## [Task to complete]
Copy the records below in full and leave every image out of the copy.

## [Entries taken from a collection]

Start of Block

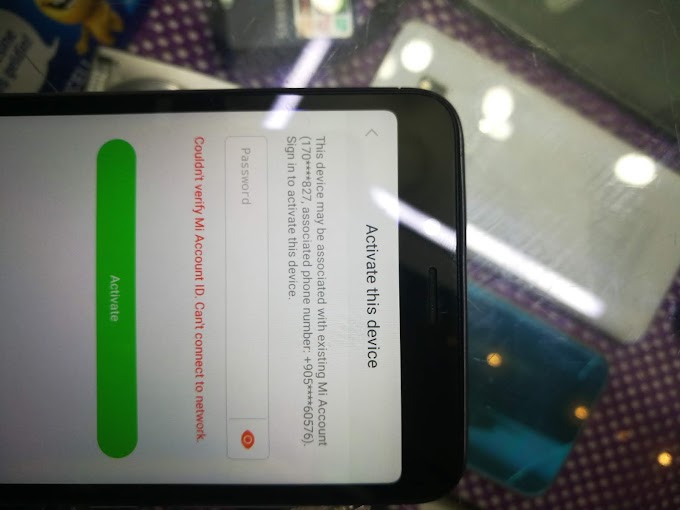 How To Remove Mi Account Activation Lock Xiaomi Remove Mi Account WolrdWide [Permanent] Working 100%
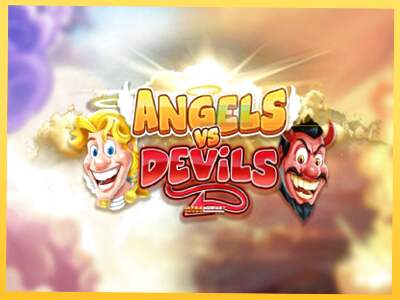 Angels vs Devils акча үчүн оюн машинасы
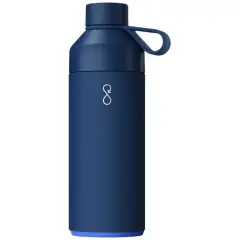 Big Ocean Bottle izolowany próżniowo bidon na wodę o pojemności 1000 ml kolor niebieski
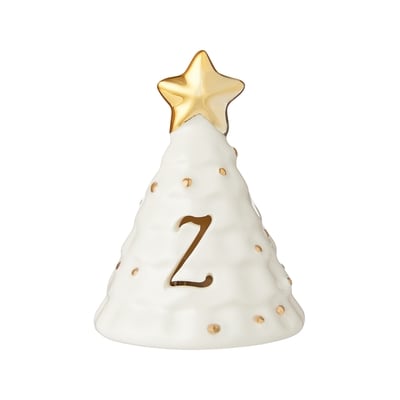 Life at Home Light Up Ceramic Monogram Christmas Tree - Letter Z 1 ea, $5.00/1ea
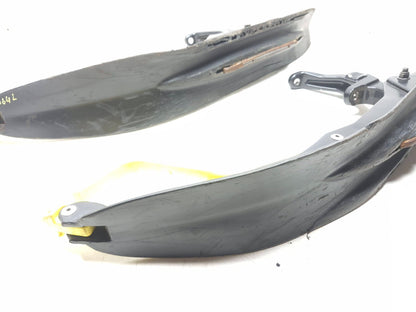 2016 Ski Doo Renegade X E-tec 600 Pilot 5.7 Ski Left & Right Pair OEM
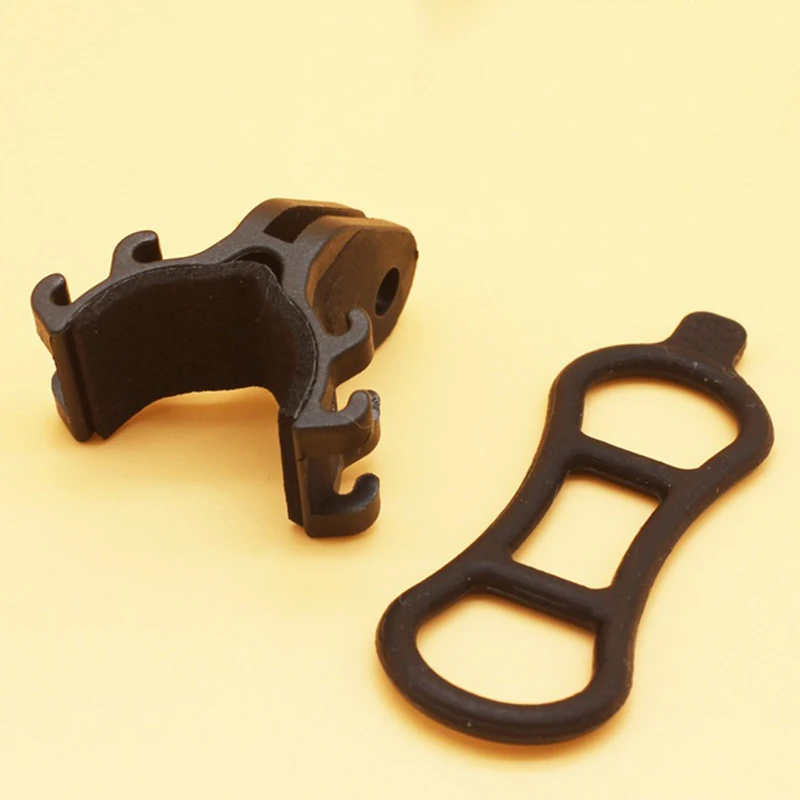 Кронштейн для велосипедного фонарика зажим секундомера удлинитель держатель GOPRO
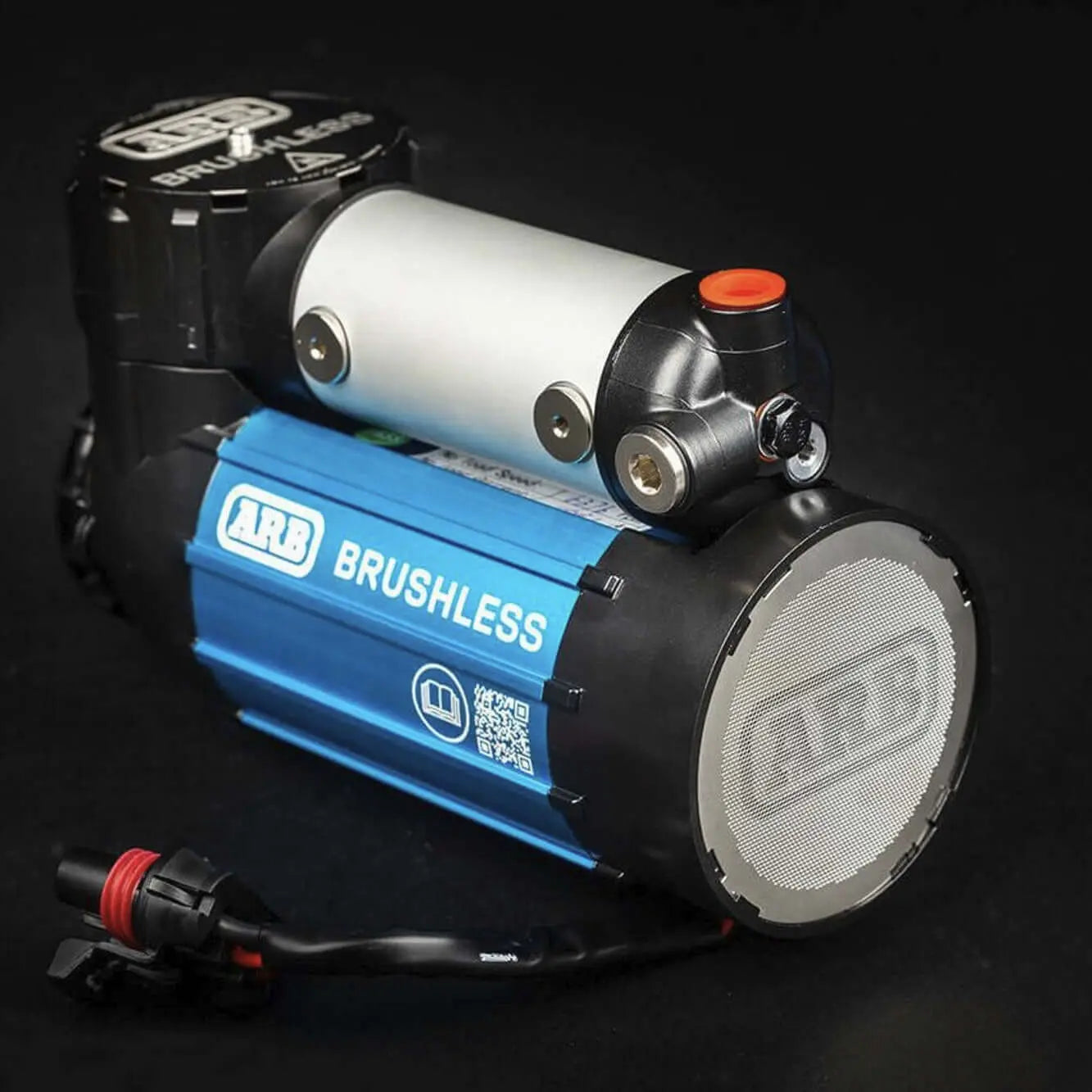ARB Brushless Single Motor Onboard 12V Air Compressor - Shop Air Compressors at Trekaline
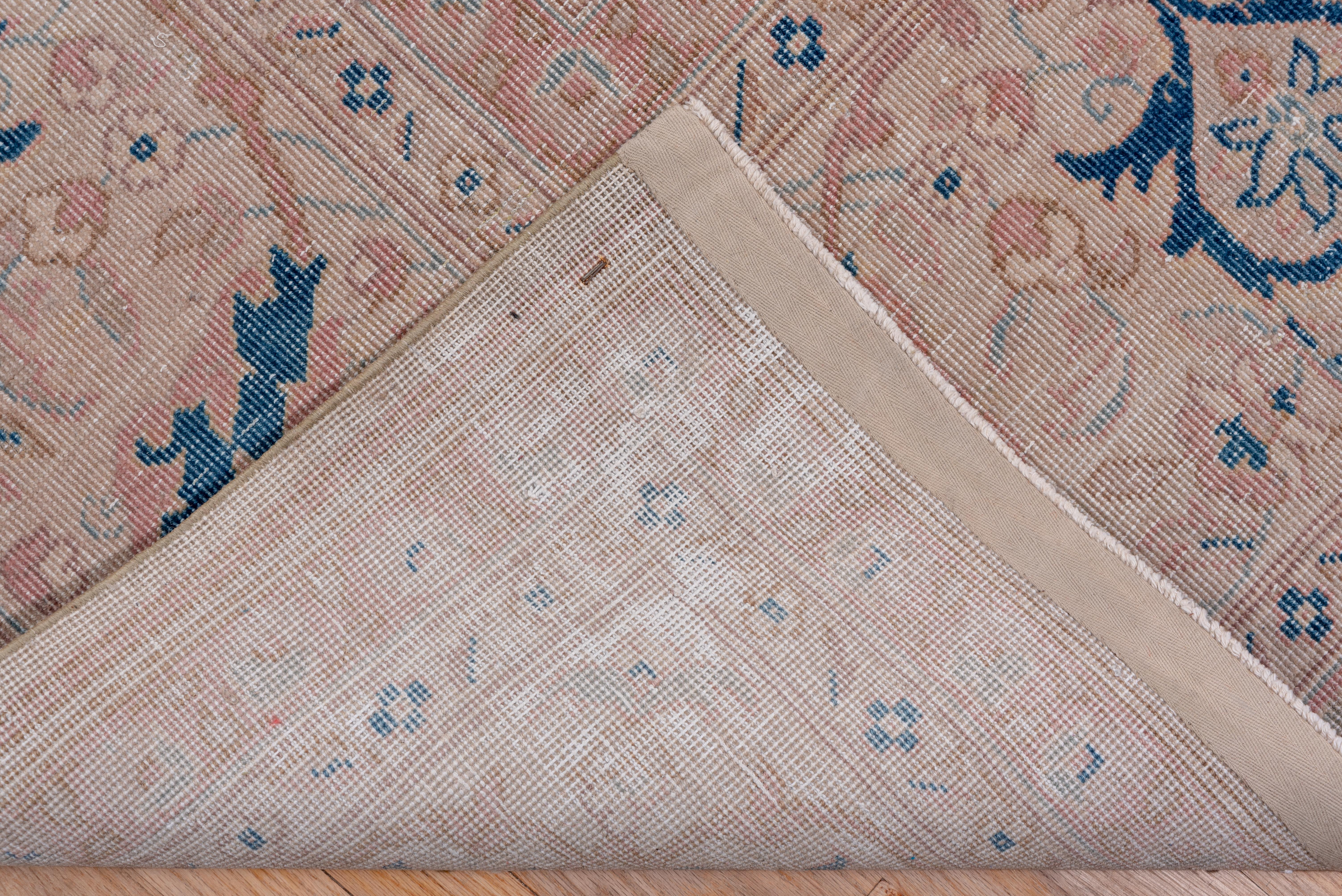 20th Century Light Palette Antique Sivas Carpet For Sale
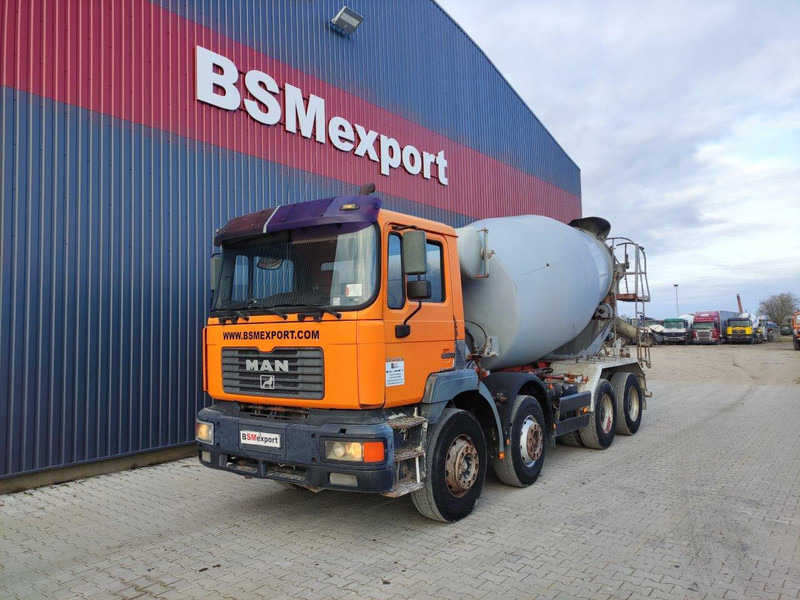 MAN FE 35.410 - Betongbil: bilde 1 MAN FE 35.410 - Betongbil: bilde 1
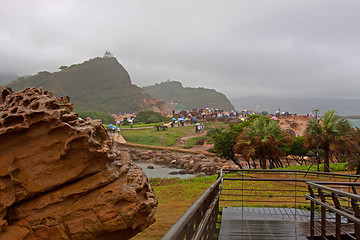 Image showing Yehliu Geopark Taiwan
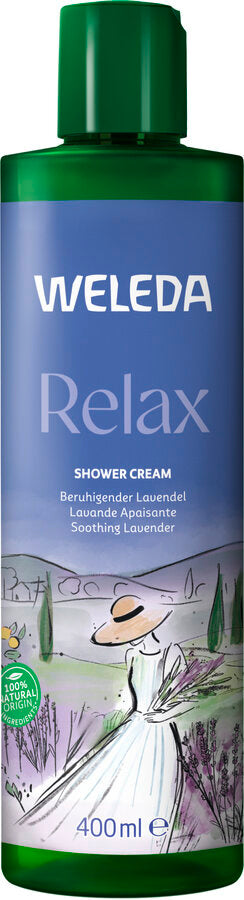 Lavender Relax Shower Cream - 400ML - Weleda
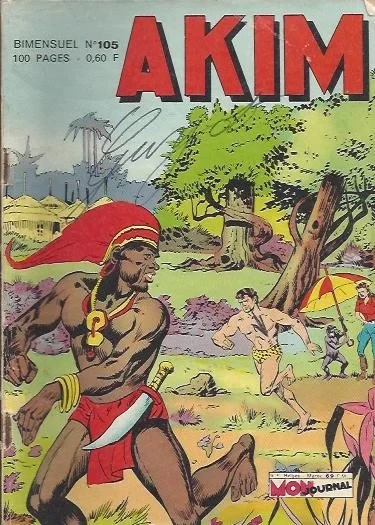 Cover of Issue #105
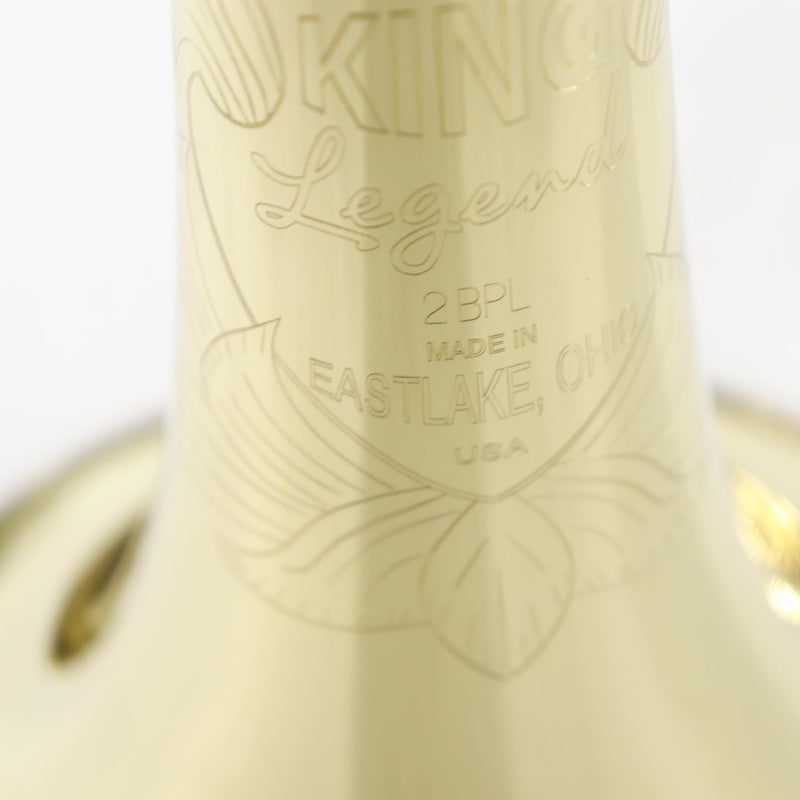 King Model 2BPL 2B+ Legend Series Tenor Trombone SN 595591 OPEN BOX- for sale at BrassAndWinds.com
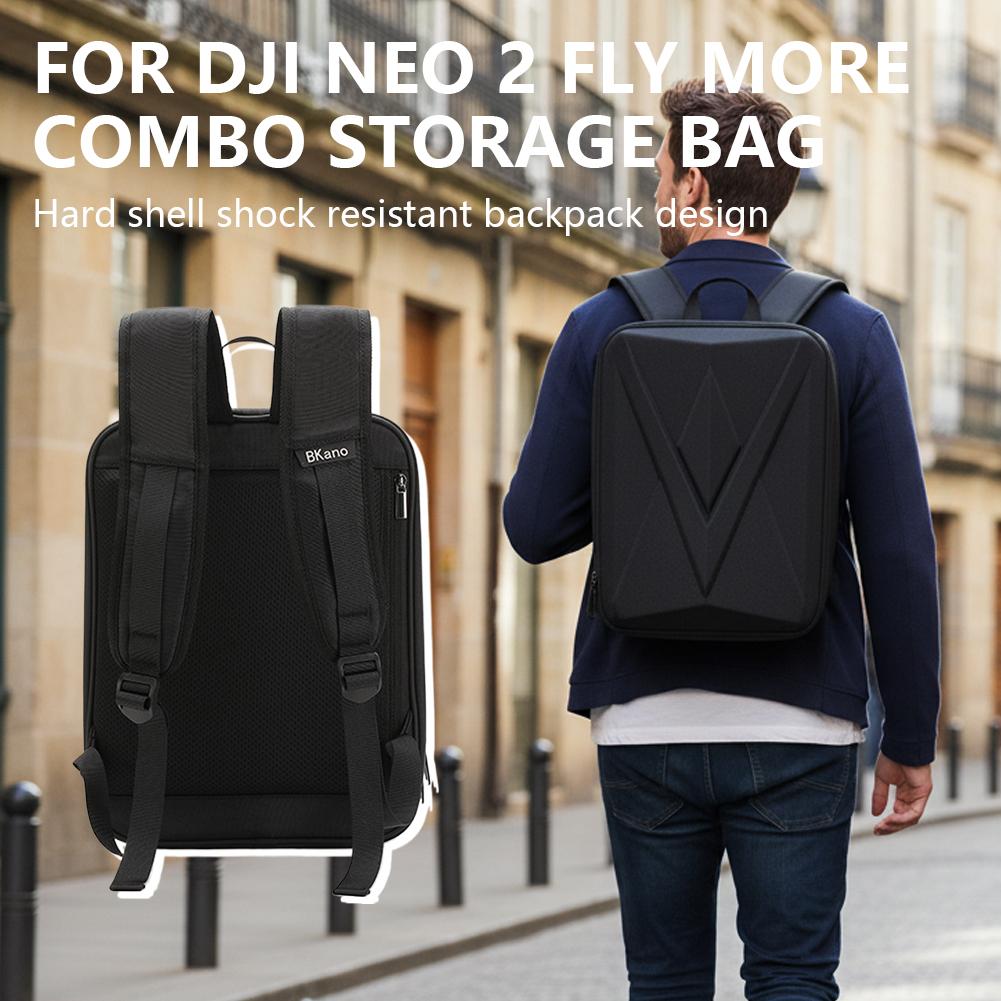 Fpv Drone Bag - Zaino rigido per DJI NEO 2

End of Block

## [Exercise solution]
 How To Remove Mi Account Activation Lock Xiaomi Remove Mi Account WolrdWide [Permanent] Working 100%
 Angels vs Devils акча үчүн оюн машинасы
 Big Ocean Bottle izolowany próżniowo bidon na wodę o pojemności 1000 ml kolor niebieski
 Life at Home Light Up Ceramic Monogram Christmas Tree - Letter Z 1 ea, $5.00/1ea
 2016 Ski Doo Renegade X E-tec 600 Pilot 5.7 Ski Left & Right Pair OEM
 Кронштейн для велосипедного фонарика зажим секундомера удлинитель держатель GOPRO
ARB Brushless Single Motor Onboard 12V Air Compressor - Shop Air Compressors at Trekaline
 20th Century Light Palette Antique Sivas Carpet For Sale
 MAN FE 35.410 - Betongbil: bilde 1 MAN FE 35.410 - Betongbil: bilde 1
 Image showing Yehliu Geopark Taiwan
 Lavender Relax Shower Cream - 400ML - Weleda
 Cover of Issue #105
 King Model 2BPL 2B+ Legend Series Tenor Trombone SN 595591 OPEN BOX- for sale at BrassAndWinds.com
 Fpv Drone Bag - Zaino rigido per DJI NEO 2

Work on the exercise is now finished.